Pourquoi attendre (première partie) si ce n'est pour construire un mariage solide (1) ? Le premier déploiement se fait en mettant en évidence les « 4 liens » à construire, la place du corps, l'enjeu de la liberté, la crainte des blessures, la beauté de la chasteté personnelle. La construction d'un couple n'est-elle pas à l'image de celle d'une maison ? Il faut y mettre du temps et il convient de commencer par les fondations. Il faut attendre également en raison de la nature même de la relation sexuelle (2) et de la foi chrétienne (3). Dénonçant les illusions présentées dans une culture hédoniste, l'auteur montre la place du corps et l'unicité de l'acte conjugal par rapport aux autres actes humains. Le lien avec la procréation est explicité, la place symbolique du regard, des gestes, des pensées est réactualisée (la parabole de la dégustation du vin). L'argumentation est fluide, cohérente, parfois un peu lisse. Les auteurs cités sont variés, même si le fond de cette théologie morale peut s'enraciner dans la théologie du corps de Jean-Paul II. La raison humaine est un repère que la foi confirme car la sexualité est un lieu où l'homme peut rendre gloire à Dieu (3). Tout baptisé est consacré à Dieu en son corps et en son âme. Les mots de la Bible nous disent le plan de Dieu. La Tradition théologique le rappelle. Le mariage est un vrai sacrement : présence de Dieu dans l'acte des époux et grâce de salut pour tout amour.

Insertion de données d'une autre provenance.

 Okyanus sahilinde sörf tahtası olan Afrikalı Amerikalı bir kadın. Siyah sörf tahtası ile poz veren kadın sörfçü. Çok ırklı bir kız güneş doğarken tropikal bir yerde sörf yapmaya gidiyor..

Une deuxième partie offre douze objections et réponses. Ces objections appartiennent à la réalité pastorale concrète : « ce qui compte, c'est la sincérité », « il est bon d'essayer pour voir si nous sommes compatibles », « c'est beau, mais c'est pour les autres », « le bébé, ce sera pour plus tard », « j'ai peur qu'il aille voir ailleurs » etc. A chaque objection, l'auteur permet au lecteur de s'approprier une cohérence doctrinale : une parole peut être allumée dans le cœur pour ceux « qui ont des oreilles ». Cet enseignement sera utile. Comme les normes morales, il ne peut cependant pas être considéré comme des recettes. Car le beau travail effectué par l'auteur, doit être opéré par chacun pour trouver les mots et les images aptes à rendre compte des joies et des peines, des acquiescements et des refus de la liberté chrétienne face au projet de Dieu. Finalement, face à la réalité pastorale belle et blessée, il est bon de ne pas « se décourager » (p.183) et de garder en mémoire que la doctrine sur la vérité de l'amour comprend la considération du péché, mais aussi la puissance de la miséricorde. L'image de Dieu est toujours en jeu dans la relation entre l'homme et la femme. Ainsi faut-il, quelles que soient les situations rencontrées et vécues, réapprendre en Eglise à nous regarder avec le regard même de Dieu.
Alain Mattheeuws s.J. dans NRT 136/2 (2014) 302-303.